August 11, 2011 5:16 AM   Subscribe

We're light years beyond the Goya aisle here.

Just discovered a supermarket that, due to location, is stocked to the gills with Latin American staples--probably about 70% of the stock in every category (produce, dairy, meats/fish, frozen foods, candy, dry goods, beverages, etc.). We're talking 3-4 different varieties of chorizo and farmer's cheese, because there are (clearly labeled as such) Ecuadorian, Colombian, Mexican and/or Dominican varieties. Root vegetables I have never seen before, other mysterious and wonderful looking items I wouldn't know where to begin with (packaged or fresh), even though I consider myself a pretty experienced and adventurous amateur cook.

What must I buy/try? Packaged treats or ingredients for scratch cooking. Any good recipes to recommend? (I've already brought home an octopus for salad and can stomach anything short of--heh--tripe.)
posted by availablelight to Food & Drink (37 answers total) 64 users marked this as a favorite
 
Mora, or Andean blackberry. You'll probably find it frozen. Thaw it out and drink the juice, or add it to a smoothie, or have it with Dulce de Leche (Arequipe). It is delicious, and tastes like a cross between blackberry and raspberry.
posted by nickhb at 5:31 AM on August 11, 2011 [1 favorite]


Guava paste can be used in a thousand ways. Here are ten (very popular inside of pastries though)

Also, have yourself a dulce de leche tasting party. Either all the brands or different ways to use it. Me, I just put it on ice cream or crepes.

Mora, for smoothies and pies and and and just eat them. They come frozen, usually in blocks.

The cheeses. Oh, man. You'll never put cheddar on a taco again. OK, maybe you will. But queso blanco or queso fresco might still change you life. Again, try all the brands. Make it a party, blind taste testing, have your friends fill out comment cads.
posted by bilabial at 5:35 AM on August 11, 2011 [1 favorite]
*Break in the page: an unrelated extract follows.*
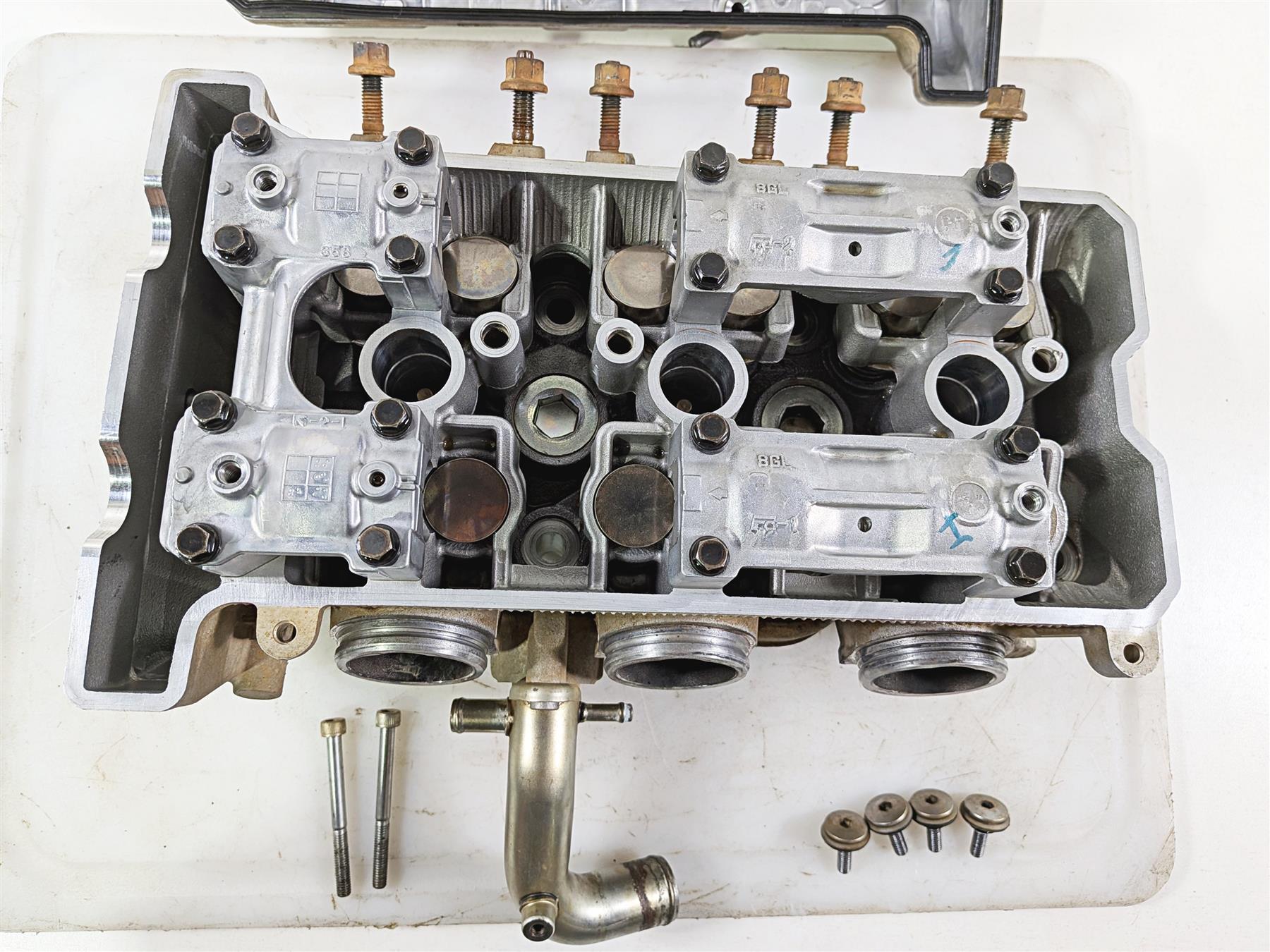 2021 Yamaha YXZ1000R EPS SS SE Cylinder Head & Valve Cover - Read 2HC-11101-09 {{ shop.shopifyCountryName }} - Mototech271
--Get some Masa - the vital ingredient in making your own tamales. See if they have corn husks too.

--Hominy to make your own pozole

--In the produce aisle, do they have chayotes? If so, steam them and eat them with a bit of salt.
posted by vacapinta at 5:35 AM on August 11, 2011 [1 favorite]


Tortilla press for making these flour tortillas and some masa or masa harina for making corn tortillas. Three or four varieties of chorizo? Ooooh, what fun!
posted by MonkeyToes at 5:36 AM on August 11, 2011


Get tomatillos (green tomato-like vegetables in husks). Cook them into a sauce with garlic and jalepeno for use on enchiladas or burritos.
posted by These Premises Are Alarmed at 5:38 AM on August 11, 2011


Also, if they have Jicama, you just rinse it, slice it up and put it into salads. It is sweet and potato-ey in texture.
posted by vacapinta at 5:39 AM on August 11, 2011 [1 favorite]


Also, if they have tejocotes, then you can make tejocote punch which is unlike anything else I've tasted.

I also like to slice tejocotes and put them in a small bowl with a bit of honey. Incredible taste.
posted by vacapinta at 5:43 AM on August 11, 2011 [1 favorite]


Yellow arepas with queso blanco! Make your own arepas from maza (make sure it's yellow for this dish) or buy them frozen
posted by nickhb at 5:46 AM on August 11, 2011


OH! I forgot about jamaica tea. It sounds like Ha-My-ka, and it's hibiscus. So tasty.
posted by bilabial at 5:53 AM on August 11, 2011 [3 favorites]


Yes, also tamarind to make tamarindo
posted by vacapinta at 5:59 AM on August 11, 2011 [1 favorite]


They're more of a Caribbean thing, but: Platanitos!

Look for boniato, also, which is very similar to a sweet potato.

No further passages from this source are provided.